Turning your attention to Slide 8. With this significant stream of free cash flow, a unique component of our financial strategy is our ability and willingness to accelerate the return of cash to shareholders through our fixed plus variable dividend framework. Under this framework, Devon’s dividend payout more than doubled in 2022 to a record high of $5.17 per share. Based on our strong fourth quarter financial performance, we announced a fixed-plus-variable dividend of $0.89 per share that is payable in March and includes the benefit of our 11% raise to the fixed dividend. Another priority for our free cash flow is the execution of our ongoing $2 billion share repurchase program. On Slide 9, you can see that we upsized this buyback authorization twice during the year and we bought back $1.3 billion of stock at prices well below the current market level.

Over the past two quarters, our buyback activity has been limited given the large cash outlays associated with our recent acquisitions and our preference to rebuild cash balances to optimize our financial flexibility. As we head into 2023, we expect to be active buyers of our stock, especially if we see trading weakness relative to our peers. On Slide 10, I’d like to give a brief update on our efforts to improve the balance sheet. In the fourth quarter, our cash balances increased by $144 million to total $1.5 billion. With this increased liquidity, Devon exited the quarter with a very healthy net debt-to-EBITDA ratio of only 0.5 turn. Our strong investment-grade financial position provides us the opportunity to return more free cash flow to shareholders and be less aggressive on debt reduction.

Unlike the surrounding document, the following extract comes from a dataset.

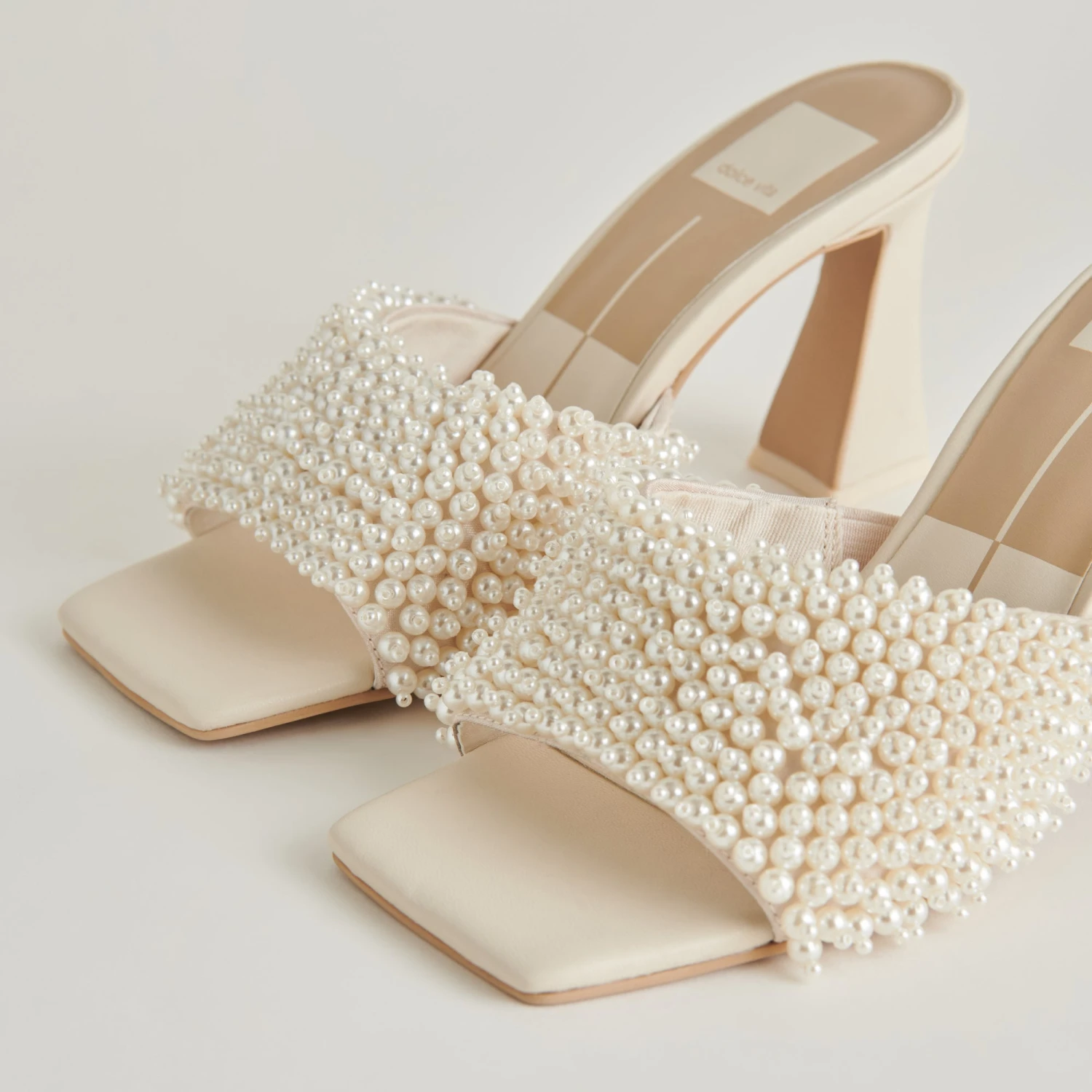 NANDY PEARL HEELS VANILLA PEARLS(Nandy pearl heels vanilla pearls) NANDY PEARL HEELS VANILLA PEARLS(Nandy Pearl Heels Vanilla Pearls) -Dolce Vita Sale Store DOLCEVITA HEELS NANDYPEARL VANILLAPEARLS DETAILS 02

Moving forward, we’ll look to retire debt as it comes due, utilizing our healthy cash balance. Our next debt maturity comes due in August of this year totaling $242 million. We will have additional opportunities to pare down debt with maturities coming due in 2024 and 2025 as well. And finally, I’d like to highlight the excellent return on capital employed we delivered in 2022. As Rick touched on earlier, we achieved a company record 39% return on capital employed during the year. Importantly, even with today’s lower commodity price environment, we expect to deliver another fantastic result with return on capital employed projected in excess of 25% based on our provided guidance and current strip pricing. This showcases the durability of our financial model to deliver highly competitive returns through the cycle.

With that, I’ll now turn the call back to Rick for some closing comments.

Rick Muncrief : Thank you, Jeff. Great job. To wrap up our prepared remarks today, I want to reinforce that at Devon, we are unwavering in our focus to deliver differentiated results for our stakeholders, including our shareholders and employees. To meet these high standards, it all begins with our commitment to be a financially disciplined company that delivers high returns on invested capital, attractive per share growth and large cash returns to shareholders. To achieve these financial goals, we have carefully assembled a long-duration resource base that has high graded to the very best plays on the U.S. cost curve. This resource depth, coupled with the execution capabilities of our team, position us as a premier energy company that can deliver sustainable results through the cycle.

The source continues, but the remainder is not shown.